El alcalde, Juan Franco, ha reconocido estar «tremendamente preocupado» por el impacto de este cierre preventivo decretado por la Delegación Territorial de Salud y Consumo de la Junta de Andalucía. Por ello, el plan del Ayuntamiento es remitir los informes técnicos de manera inmediata este mismo jueves en cuanto concluyan las pruebas de presión del nuevo sistema de saneamiento. Con este movimiento, el Consistorio traslada la pelota al tejado de la administración autonómica, que tendrá la última palabra y deberá certificar, mediante análisis del agua, que los «alivios» provisionales de aguas residuales han cesado por completo.
La letra pequeña del acuerdo: circular por el Paseo Marítimo
Aunque el avance técnico desatasca el conflicto medioambiental, el coste inmediato lo pagarán los conductores.
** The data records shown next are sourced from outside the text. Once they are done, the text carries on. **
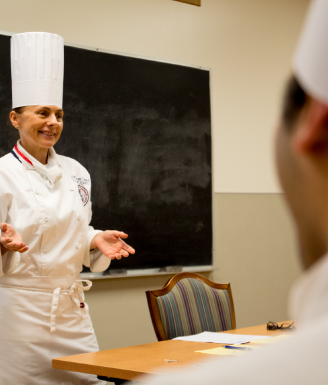chef educator speaking to students in front of a chalkboard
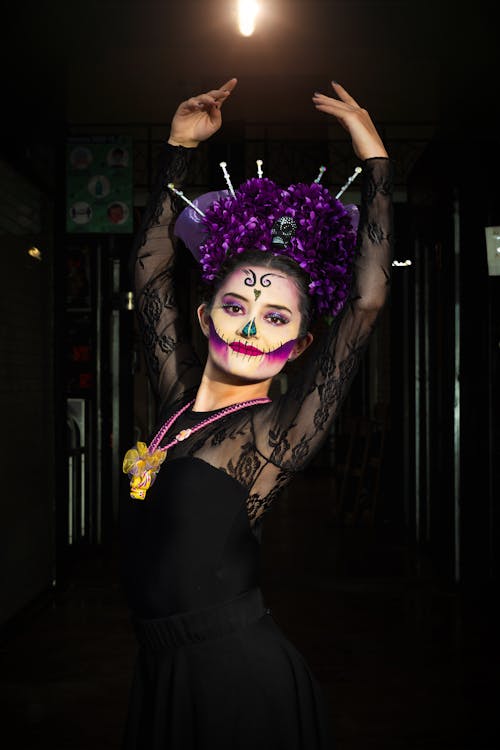 Portrait of Catrina with Arms Raised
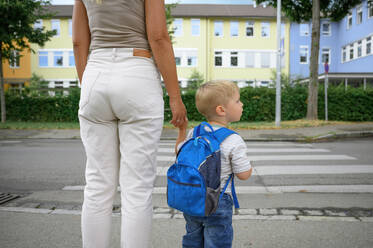 Legs of a young caucasian woman in cropped jeans and sneakers, holding hands with toddler, looking before crossing street while going to kindergarten - ADSF50096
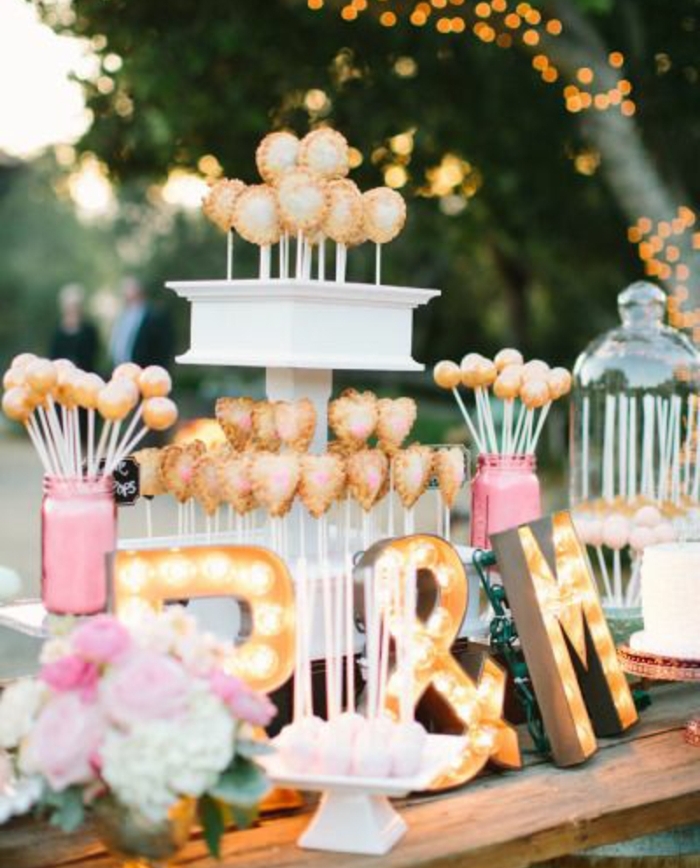 candy bar en rose, blanc et or, sucettes de gateau, table rustique choc, bouquet de fleurs, lettres lumineuses, mariage en plein air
Para encarar la última fase del proyecto —que cuenta con una inversión de 2,2 millones de euros para desviar las aguas de San Bernardo, Huerta Fava y el centro urbano—, Movilidad Urbana ejecutará un corte total de tráfico en el paseo marítimo a la altura de la avenida de la Banqueta.
El plan de contingencia diseñado por Movilidad Urbana alterará por completo la circulación en el frente marítimo. A partir del jueves, los conductores se encontrarán con un tapón circulatorio al quedar completamente suprimido el tráfico que avanza desde la Avenida del Ejército hacia la Avenida de la Banqueta. Como única válvula de escape para el vehículo privado, las autoridades mantendrán habilitado exclusivamente el carril que conecta la zona de La Atunara hacia la propia Avenida de la Banqueta para canalizar los desvíos.
Estos recortes circulatorios afectarán también a quienes dependan del transporte público.
Los usuarios de la Línea 3 (Zabal – Santa Margarita – Alcaidesa) verán cómo el autobús modifica su recorrido habitual en el trayecto de bajada hacia el centro urbano. Para esquivar el tramo afectado por las palas, el servicio se desviará por la Avenida de la Banqueta y la calle Balona, reincorporándose a su ruta ordinaria una vez alcanzada la Avenida del Ejército.